Powyższe oznacza, że apelacja mogła podlegać merytorycznemu rozpoznaniu jedynie w odniesieniu do E. Z. (1). Zarzuty środka odwoławczego okazały się jednak nieskuteczne. Prokurator twierdziła, że błędnie za niewiarygodne uznano zeznania M. C. (1) i A. L.. Starała się też wykazać, że relacje tych dwóch kobiet są wystarczające do przypisania oskarżonej popełnienia zarzucanego czynu.
Można się zgodzić z autorką apelacji, że ocena zeznań owych świadków, zadeklarowana w uzasadnieniu zaskarżonego wyroku, nie została przez sąd I instancji prawidłowo umotywowana. W pisemnych motywach rozstrzygnięcia wskazano bowiem, że jedynie w części dano wiarę zeznaniom sąsiadek oskarżonych. Ocena taka wynikała – jak należy rozumieć – ze stwierdzonego konfliktu świadków z E. Z. (1) i jej konkubentem ( k. 158v ), niekonsekwencji A. L. ( k. 158v ), braku potwierdzenia dla podawanych przez nie informacji w innych dowodach ( k. 159 ) oraz z tego, że zeznania A. L. miały być środkiem do spowodowania usunięcia psa oskarżonych ( k. 159 ). Uznanie relacji obu kobiet za w przeważającej części niewiarygodne było błędne. Nie ma to jednak znaczenia dla prawidłowości ustaleń faktycznych poczynionych przez sąd I instancji.

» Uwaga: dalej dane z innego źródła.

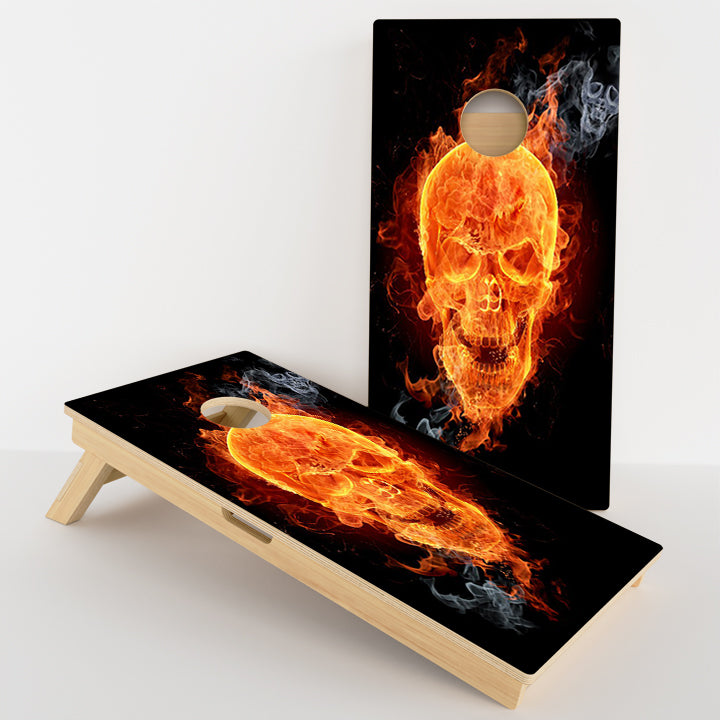 Flaming Skull Professional Cornhole Boards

Trudno doszukiwać się argumentu za niewiarygodnością obu kobiet w tym, że inne dowody nie potwierdziły zaistnienia zdarzeń, o których zeznały. Jedynie I. S. i R. K. – sąsiedzi oskarżonych – mogliby mieć w tym zakresie wiedzę. Inni świadkowie nie przebywali bowiem w budynku lub jego okolicy, gdy z mieszkania zajmowanego przez E. Z. (1) i S. O. (1) miały dochodzić odgłosy niewłaściwego traktowania psa. M. C. (2) podawała, że hałasy te słyszała zwłaszcza nocą, gdy w lokalu zajmowanym przez oskarżonych trwały głośne spotkania. Świadek ma mieszkanie poniżej. Miała zatem najlepsze możliwości usłyszenia tego, co działo się u sąsiadów. Pozbawieni ich byli I. S. i R. K.. A. L. miała piski, skowyt psa oraz krzyki oskarżonego słyszeć latem, przez otwarte okna. Nie sposób przyjmować, że musiały docierać do wszystkich mieszkań. W tej sytuacji wspomniana sprzeczność zeznań M. C. (2) i A. L. z relacjami innych sąsiadów nie występowała w odniesieniu do dźwięków dochodzących z mieszkania oskarżonych.

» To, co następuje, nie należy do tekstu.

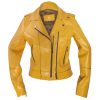 Женская кожаная куртка Harley из натуральной кожи горчичного цвета, мягкий материал, стиль байкер, подходит для осени и зимы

Odgłosy te miały też nieść się po klatce schodowej budynku. Tylko te ostatnie musiałyby być słyszalne dla innych sąsiadów. W istocie zatem tylko w tym zakresie – dźwięków z mieszkania oskarżonych, dochodzących na klatkę schodową – występuje z pewnością zauważona przez sąd I instancji sprzeczność pomiędzy zeznaniami A. L. oraz I. S. i R. K.. W pozostałym zakresie relacje M. C. (2) i A. L. nie są sprzeczne z innymi dowodami, poza wyjaśnieniami oskarżonych. W tym przypadku natomiast zdają się one bardziej wiarygodne niż ogólnikowe zaprzeczenia, wygłaszane przez I. S. i jej syna. Trafnie zauważa apelująca, że ci ostatni świadkowie wyraźnie starali się przedstawić oskarżonych w jak najlepszym świetle, co pozwala ich ocenić jako osoby stronnicze, a przez to niewiarygodne.

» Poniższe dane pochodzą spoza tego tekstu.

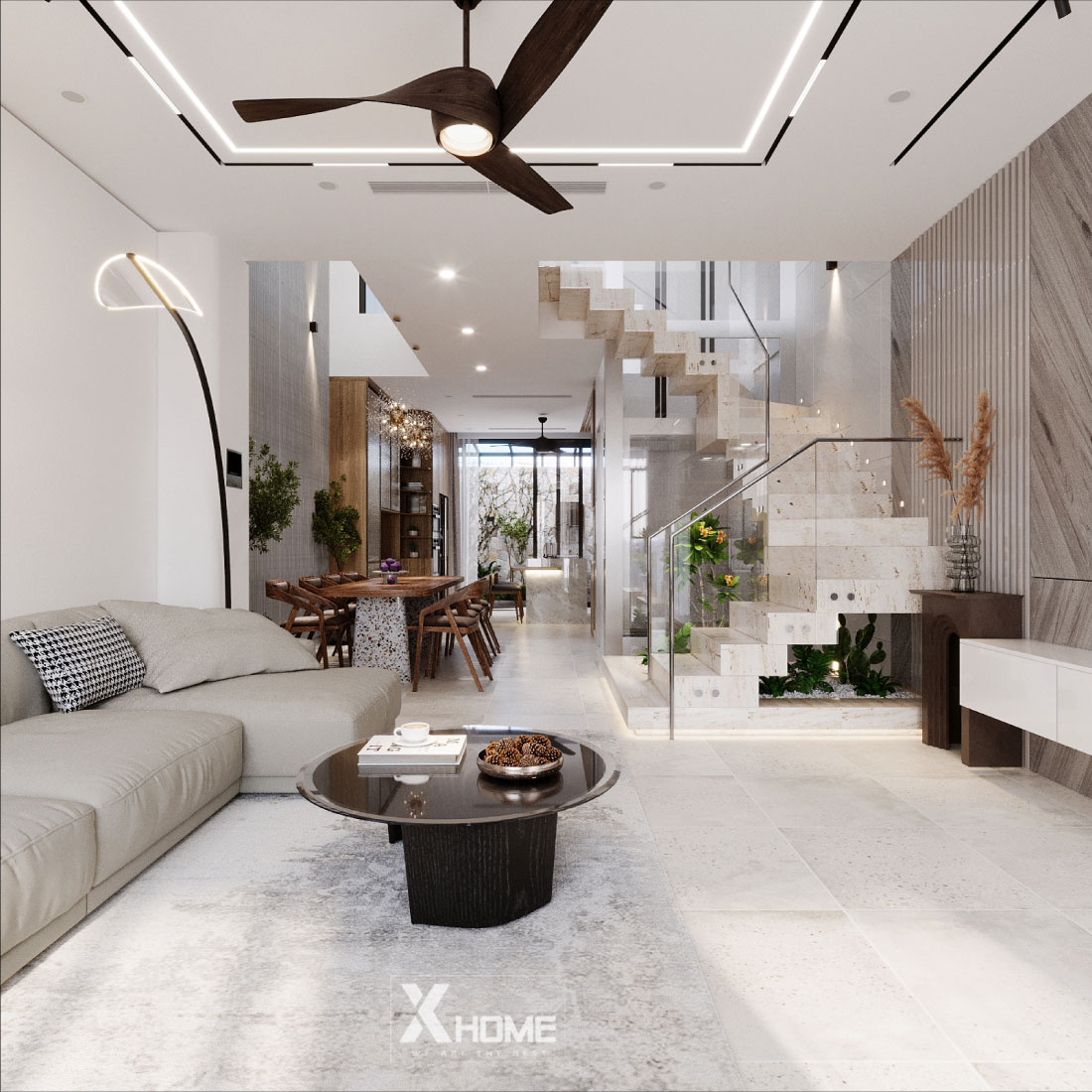 Tổng hợp mẫu thiết kế nội thất nhà phố hiện đại đẹp, dẫn đầu xu hướng 2026 8 Mẫu nội thất nhà phố hiện đại mặt tiền 5m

M. C. (2) i A. L. stając przed sądem szczerze podały motywy swoich wcześniejszych zgłoszeń. Wskazały, jakie zachowania oskarżonych im przeszkadzały. Mimo tego, że miały interes w twierdzeniu, że sąsiedzi nienależycie zajmują się psem, nie przestały podawać faktycznych okoliczności zdarzeń. Konflikt sąsiedzki nie miał więc wpływu na ich wiarygodność. W tym zakresie ocena ich zeznań, pochodząca od sądu I instancji, okazała się nietrafna, co słusznie zauważa apelująca.
Jednak obie kobiety opisywały głównie zachowania S. O. (1), o wiele mniej miały do powiedzenia o działaniach, jakie miała podejmować E. Z. (1). M. C. (1) w pierwszych zeznaniach ( k. 42-43 ) podawała jedynie, że oskarżeni krzyczą na psa i nie wyprowadzają go na spacery. A. L. podczas dochodzenia podała, że oskarżeni nie dają zwierzęciu jeść, nie wypuszczają go z mieszkania, że z ich lokalu dobiegają piski i skowyt ( k. 45-46 ). Później, na rozprawie twierdziła, że pies był wyprowadzany, że zjadał kanapki dzieciom na podwórku, że słyszała oskarżonych krzyczących do niego ( k. 118 ). M. C. (2) przed sądem zeznała natomiast, że słyszała, jak S. O. (1) bił psa i krzyczał na niego, że oskarżona wyprowadzała podopiecznego na spacer. Podawała, że nie słyszała, by zwierzę było bite przez E. Z. (1). Później jednak twierdziła, że dochodził do niej odgłos bicia psa ręką przez właścicielkę ( k. 119 ).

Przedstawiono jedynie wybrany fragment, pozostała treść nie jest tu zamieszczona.